## TASK STATEMENT
Repeat exactly the lines of the material below that run from the "remoFD's tweet image." line to the "Check out the" line, including both, and do not carry over any pictures.

## RECORDS
=== Section Start ===
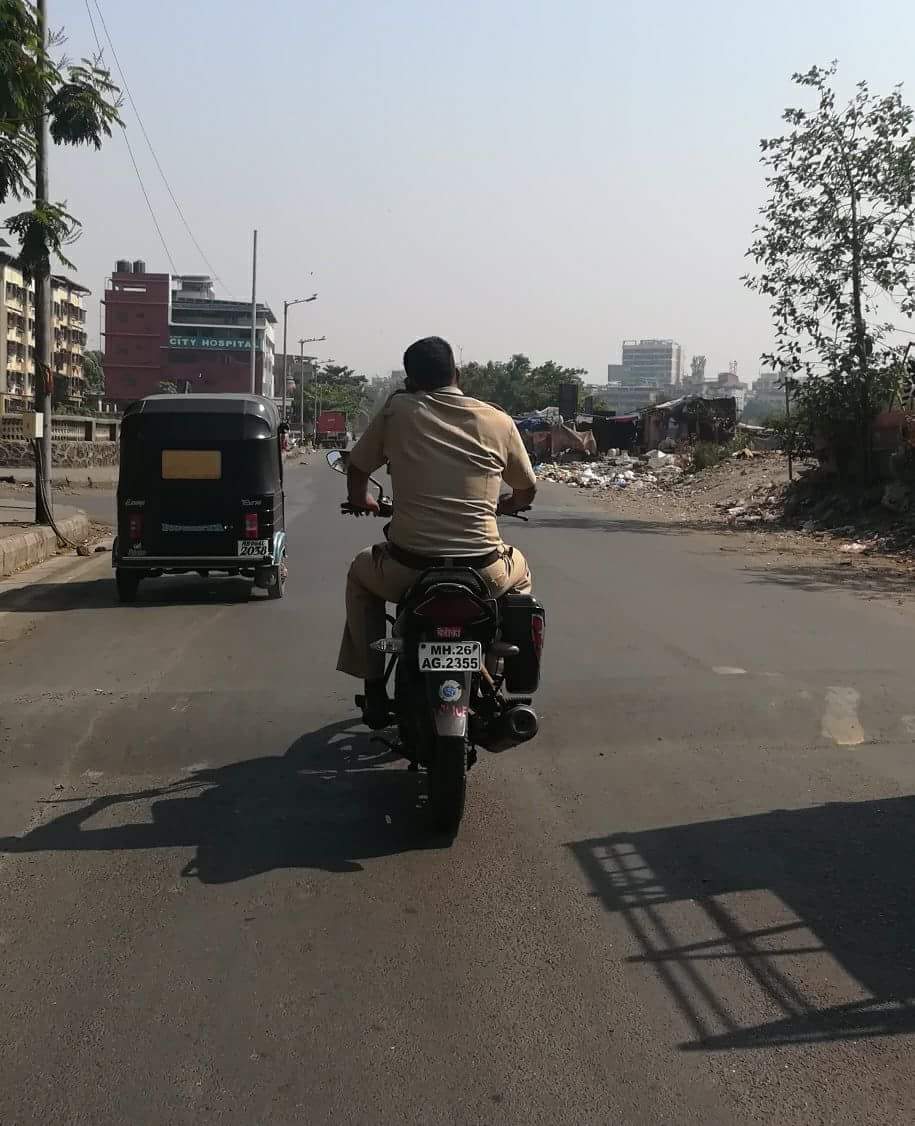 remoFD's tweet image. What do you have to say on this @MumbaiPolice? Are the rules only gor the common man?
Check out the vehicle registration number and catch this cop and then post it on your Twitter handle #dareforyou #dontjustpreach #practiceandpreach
=== Section End ===
=== Section Start ===
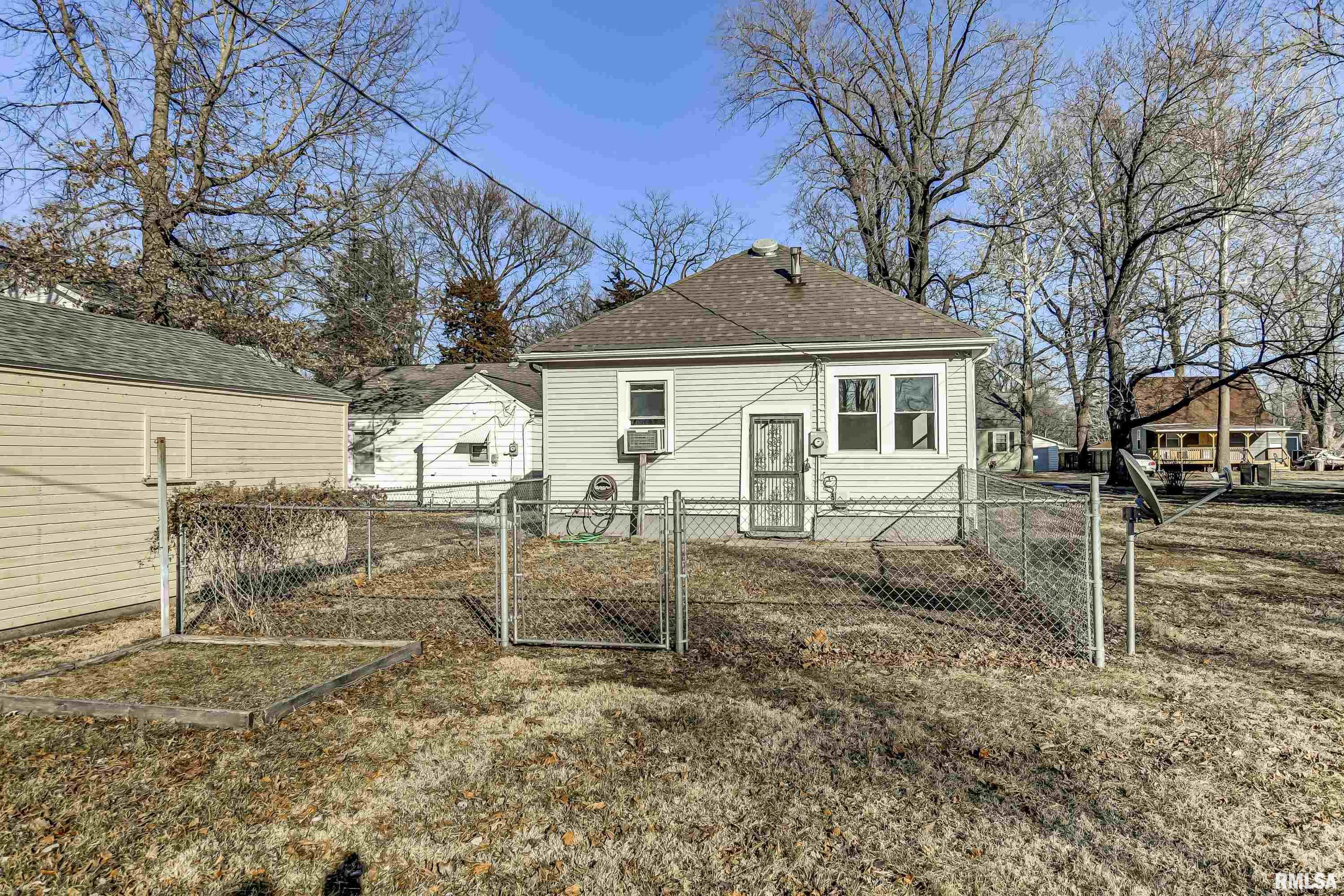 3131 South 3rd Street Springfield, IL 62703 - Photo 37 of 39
=== Section End ===
=== Section Start ===
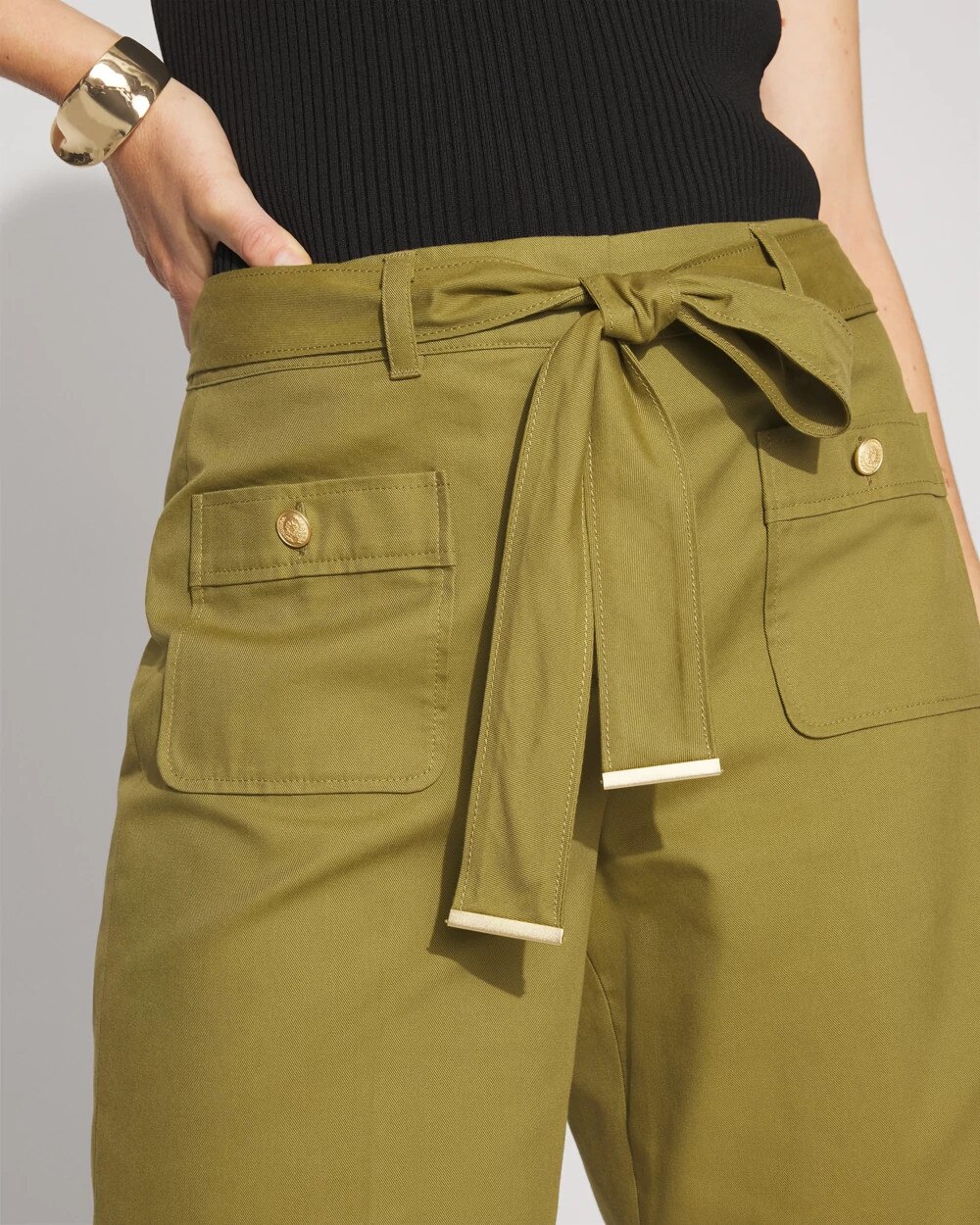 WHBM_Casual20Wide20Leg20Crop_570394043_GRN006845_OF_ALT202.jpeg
=== Section End ===
## ANSWER BELOW
 remoFD's tweet image. What do you have to say on this @MumbaiPolice? Are the rules only gor the common man?
Check out the vehicle registration number and catch this cop and then post it on your Twitter handle #dareforyou #dontjustpreach #practiceandpreach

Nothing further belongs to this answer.